Illinois financial troubles started far earlier than 1998..... [View all]

Illinois financial troubles started far earlier than 1998.....

Four crucial decisions were made during Gov. Jim Thompson’s tenure (1977-1991) that we’re still feeling today: 1) 3 percent compounded pension COLA; 2) Exemption of retirement income from the state income tax; 3) Exemption of food and medicine from the state sales tax; 4) Reduced overall state support for K-12.


Gov. Jim Edgar (tenure 1991-1999) passed a bill to make the pension payments, but he backloaded the schedule until after he was safely out of office. Edgar famously left George Ryan with a billion-dollar surplus instead of putting that into the pension funds. Ryan spent that billion dollars almost before he finished taking the oath of office.

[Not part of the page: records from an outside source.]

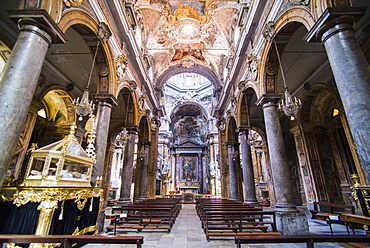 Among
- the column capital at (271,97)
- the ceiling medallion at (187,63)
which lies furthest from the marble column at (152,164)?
the column capital at (271,97)

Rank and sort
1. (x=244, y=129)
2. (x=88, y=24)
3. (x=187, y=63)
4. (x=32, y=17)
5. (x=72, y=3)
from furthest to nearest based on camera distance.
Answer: (x=187, y=63)
(x=244, y=129)
(x=88, y=24)
(x=72, y=3)
(x=32, y=17)

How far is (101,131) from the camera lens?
20.5 feet

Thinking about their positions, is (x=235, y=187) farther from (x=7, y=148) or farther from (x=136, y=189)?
(x=7, y=148)

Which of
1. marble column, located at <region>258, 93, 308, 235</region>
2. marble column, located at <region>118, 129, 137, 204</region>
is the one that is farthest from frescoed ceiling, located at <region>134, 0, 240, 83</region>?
marble column, located at <region>118, 129, 137, 204</region>

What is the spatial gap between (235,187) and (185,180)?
51.4ft

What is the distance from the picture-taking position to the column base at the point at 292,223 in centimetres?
493

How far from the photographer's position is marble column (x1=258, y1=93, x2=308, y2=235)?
5004mm

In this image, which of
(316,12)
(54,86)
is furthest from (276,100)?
(54,86)

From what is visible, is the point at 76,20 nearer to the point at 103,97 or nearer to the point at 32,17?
the point at 32,17

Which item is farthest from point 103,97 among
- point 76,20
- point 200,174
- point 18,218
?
point 200,174

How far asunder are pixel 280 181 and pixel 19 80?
676 cm

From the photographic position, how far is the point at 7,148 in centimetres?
295

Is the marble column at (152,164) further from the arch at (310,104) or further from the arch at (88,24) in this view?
the arch at (310,104)

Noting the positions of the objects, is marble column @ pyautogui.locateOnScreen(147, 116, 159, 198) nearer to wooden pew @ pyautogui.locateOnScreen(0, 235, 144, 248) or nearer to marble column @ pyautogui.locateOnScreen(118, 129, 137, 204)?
marble column @ pyautogui.locateOnScreen(118, 129, 137, 204) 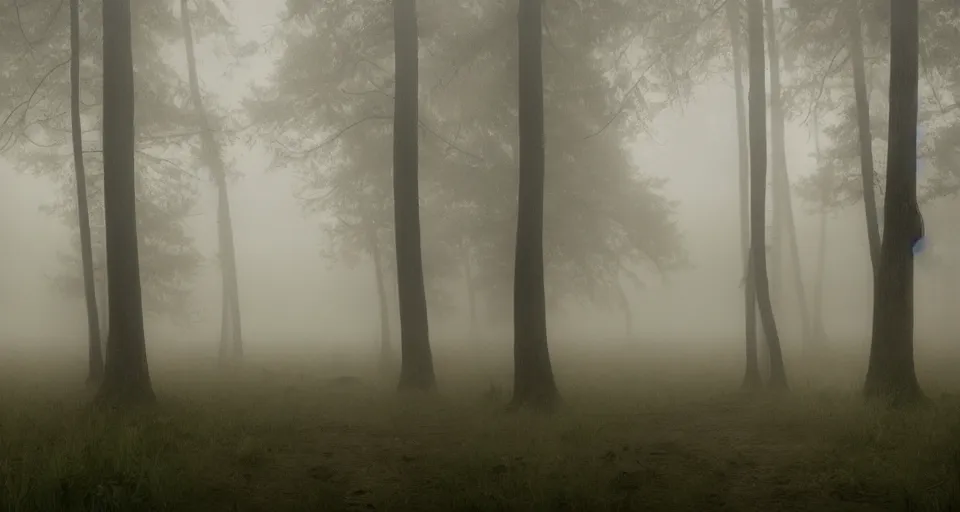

BTW, Thompson and Edgar were Republican governors. The decisions made 40 years ago have had devastating impact on Illinois. Combined with cowardly politicians democrats and republicans alike who are afraid to make the hard decisions and we have what we have. Can the system be fixed? Sure. Will it be pain-free? Not a chance.

First step is to have people in Springfield that care more for their state than for politics.The nature of government in Illinois must change.

We must begin by ridding our state of 10's of thousands of taxing districts by elimination of "townships" for starters, consolidating services to a county level for schools and law enforcement, place pension obligation of educator/teachers retirement on the specific schools districts to fund, not all Illinois taxpayers, term limit all state elected offices, have a progressive state income tax system, have legislation that requires all businesses to payback (previous 20 years) public investments, tax abatements, etc if they choose to leave Illinois or close down.....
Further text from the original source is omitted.